The Devil and King John by Philip Lindsay

This novel by Philip Lindsay, about King John of England, was first published in 1951.  It’s an interesting take on John and his motivations.  While King John, almost invariably as a villain appears in much of the fiction I read, this is one of few novels focussed entirely on him.

At times the language in the novel is dated: it’s been a long time since I’ve heard ‘gay’ used in the sense of happiness rather than referring to homosexuality.  If you are interested in King John, you may enjoy this novel.

The Devil and King John by Philip Lindsay

‘There is a devil in me at times, and it grips my hands, and uses them.’

King John of England (he reigned from 6 April 1199 to 19 October 1216) features in a number of novels, and is frequently depicted as a villain in television series and movies.  I’ve not come across many novels with John as the main character, and was very keen to read this re-published novel by Philip Lindsay.  ‘The Devil and King John’ was first published in 1951, and some of the language useage clearly reflects this.  [Yes, Gentle Reader, ‘gay’ was once an adjective that referred only to happiness]

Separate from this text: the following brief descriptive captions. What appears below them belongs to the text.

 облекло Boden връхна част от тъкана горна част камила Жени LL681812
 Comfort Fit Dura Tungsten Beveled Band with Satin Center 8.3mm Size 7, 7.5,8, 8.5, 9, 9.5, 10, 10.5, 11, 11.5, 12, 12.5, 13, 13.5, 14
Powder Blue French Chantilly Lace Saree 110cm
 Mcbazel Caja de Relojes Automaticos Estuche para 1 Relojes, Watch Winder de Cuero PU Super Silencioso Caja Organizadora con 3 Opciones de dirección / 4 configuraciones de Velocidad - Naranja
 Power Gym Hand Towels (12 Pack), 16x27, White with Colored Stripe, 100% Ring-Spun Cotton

The novel follows John, from his time as ‘John Lackland’, favourite of his father King Henry II, through the reign of King Richard I, through his kingship.

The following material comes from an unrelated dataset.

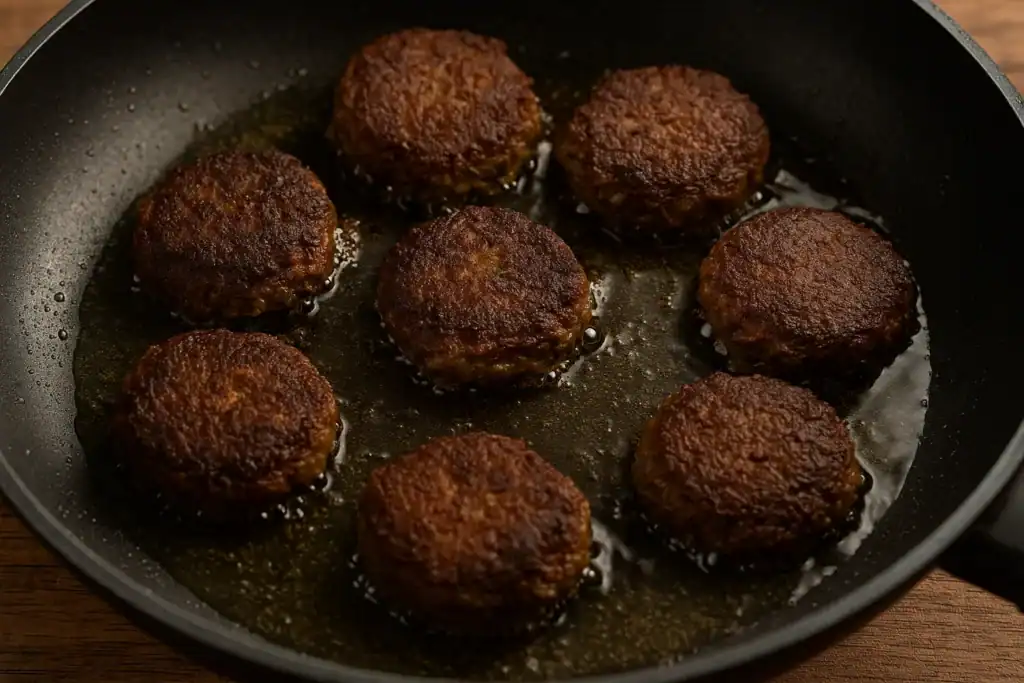 Galouti kebabs sizzling in a pan filled with hot oil, cooking to a golden-brown crust.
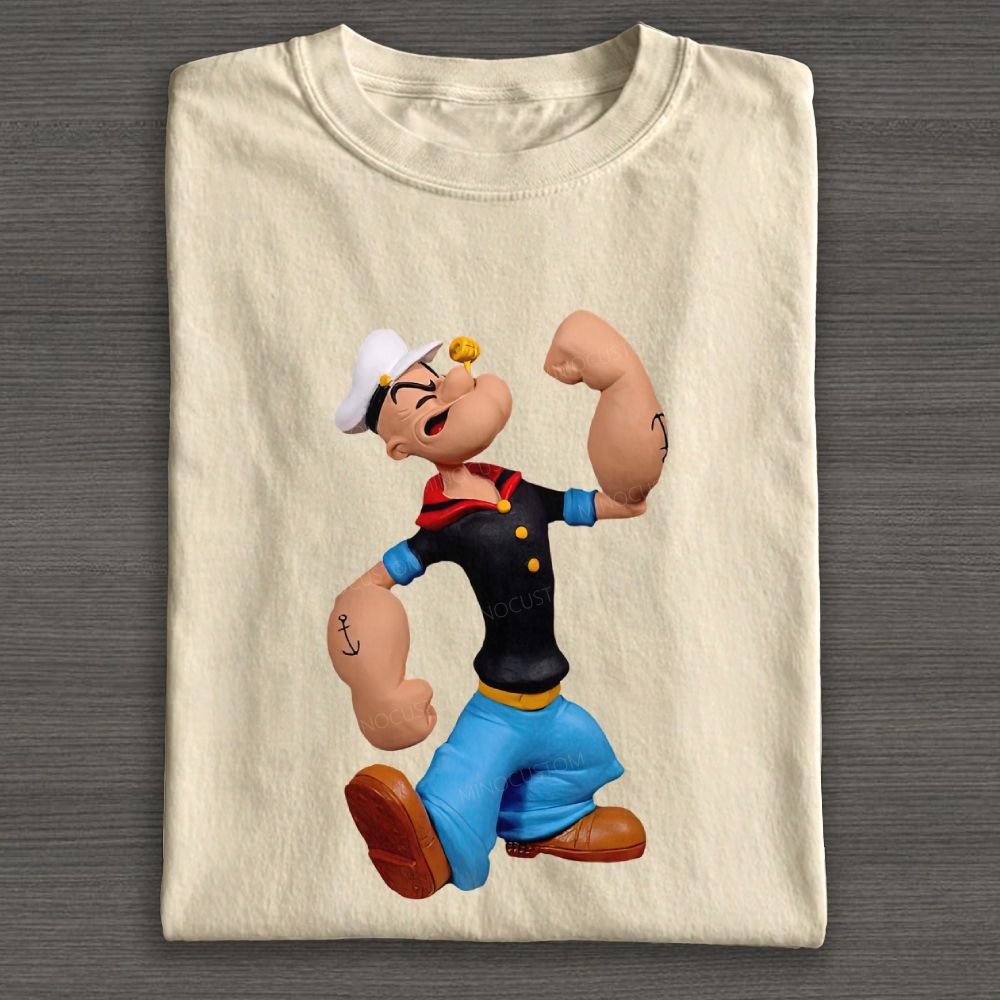 Clay Style Muscular Sailor Character Graphic Cotton T-shirt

In this novel Philip Lindsay has focussed on John’s beliefs – in the ‘Old Religion’ of witchcraft – as being behind his clashes with the Church after he becomes King.  Was his first wife, Isabella, Countess of Gloucester (also known as Hadwisa) really a witch? Such a portrayal serves the plot of Mr Lindsay’s novel as it provides him with a connection between John and witchcraft.  After his marriage to Hadwisa is annulled, John is depicted as being besotted by his second wife Isabella, Countess of Angoulême.  But John can also be very cruel, the legacy perhaps of his famed Angevin temper.

At times I found myself feeling some sympathy for John: his being drawn to the ‘Old Religion’ provides a surprisingly plausible explanation (in fiction, at least) for some of his responses to the Church. And the Magna Carta?  In this novel there are two sides to the argument over the Magna Carta.  I have to think about that some more.

This is an interesting portrayal of John, and more sympathetic towards him than any other fictional account I’ve read.

Note: My thanks to NetGalley and Endeavour Press for providing me with a free electronic copy of this book for review purposes.